Когда женщины плачут я им нужна строгая повелительная команда.



Она встала и послушно пошла за мной к выходу, уронив с колен детскую соску и запасную пару крохотных белых детских ботиночек. Я вышел из самолета, держа в руках еврейского младенца.

И уже сам нашел взглядом этого гэбэшника. И демонстративно, высоко на руках понес еще одного ребенка с советской территории, как выносят детей из радиоактивной зоны, и не было в тот момент на земле мужчины сильней и счастливей меня! Я чувствовал себя сионистом, солдатом, бойцом, гранитным памятником на Мамаевом кургане! Если бы тот гэбэшник поднял сейчас пистолет, я бы с ликующим криком прикрыл этого ребенка своей грудью. Да, есть вещи, о которых люди пишут с гордостью, а есть — о которых умалчивают от скромности. Я же горжусь, что в тот момент чувствовал себя стопроцентным евреем и стопроцентным мужчиной.

Я шел по трапу с ребенком на руках и смотрел этому гэбэшнику прямо в глаза. И было такое напряжение в нашей молчаливой дуэли взглядов, что все обратили на это внимание, все замолчали на миг, а мать девочки-скрипачки сказала мне:

— Умоляю, не дразните его!

— Почему? — улыбнулся я и, так и не отводя взгляда от светло-голубых глаз гэбэшника, передал жене сварщика ее грудного ребенка.
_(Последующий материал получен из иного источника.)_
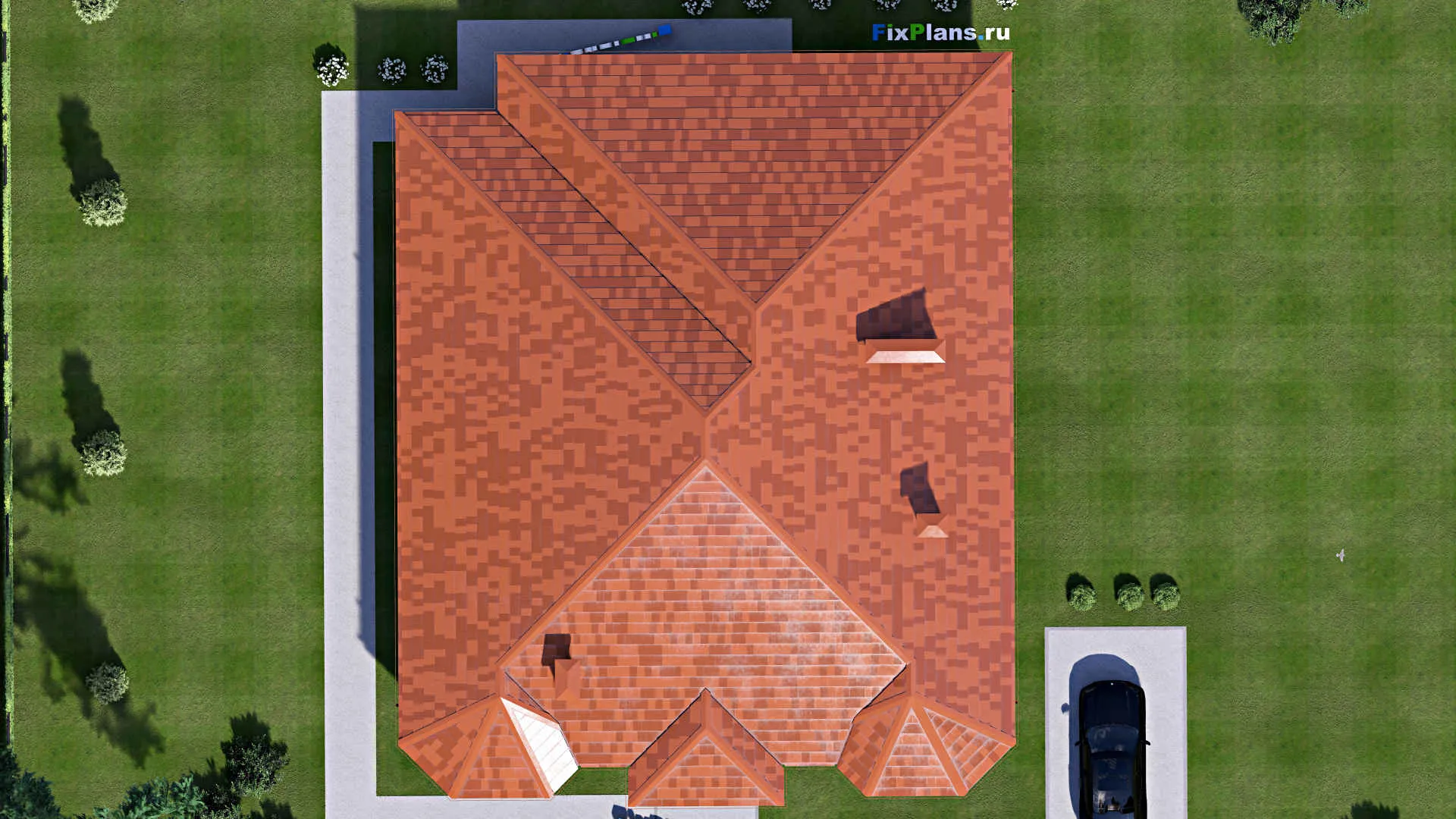 F-15425 - Проект одноэтажного дома 17 на 21, площадью 280 м² с террасой, баней, бассейном и 2 спальнями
И тут гэбэшник сам отвернулся.

Он отвернулся с выражением полного безразличия на лице, но мы-то с ним уже поняли друг друга!

Он отвернулся, вышел из автобуса и перешел в служебный мини-автобусик, который прикатил за советским экипажем — пилотами и стюардессами.
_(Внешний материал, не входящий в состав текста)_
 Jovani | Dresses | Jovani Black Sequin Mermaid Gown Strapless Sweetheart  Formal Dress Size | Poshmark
Он присоединился к ним, к советской команде, и мини-автобус повез их куда-то в глубину аэропорта. Но в самый последний миг, когда автобус уже сворачивал за угол аэровокзала, этот гэбэшник вскинул глаза и глянул на меня таким взором — именно «взором»! — каким смотрят сквозь прицел снайперской винтовки…

Тут с Бродвея ворвалась в окно очередная не то полицейская, не то медицинская сирена. Я посмотрел на телефонную трубку в руке, она уже, наверно, давно пищала этими короткими гудками. Я вспомнил, что советское посольство выдало мне визу на поездку в СССР. Мне — единственному из всей делегации.

Я дал отбой, прокашлялся и потом медленно набрал на телефонном диске бостонский код 617 и номер своего адвоката.

— Attorney Breslaw's office [Офис адвоката Бреслава], — тут же отозвался молодой и звонкий женский голос.

— May I talk to Mr.Breslaw [Господина Бреслава, пожалуйста], — сказал я, все еще видя перед собой глаза того гэбэшника.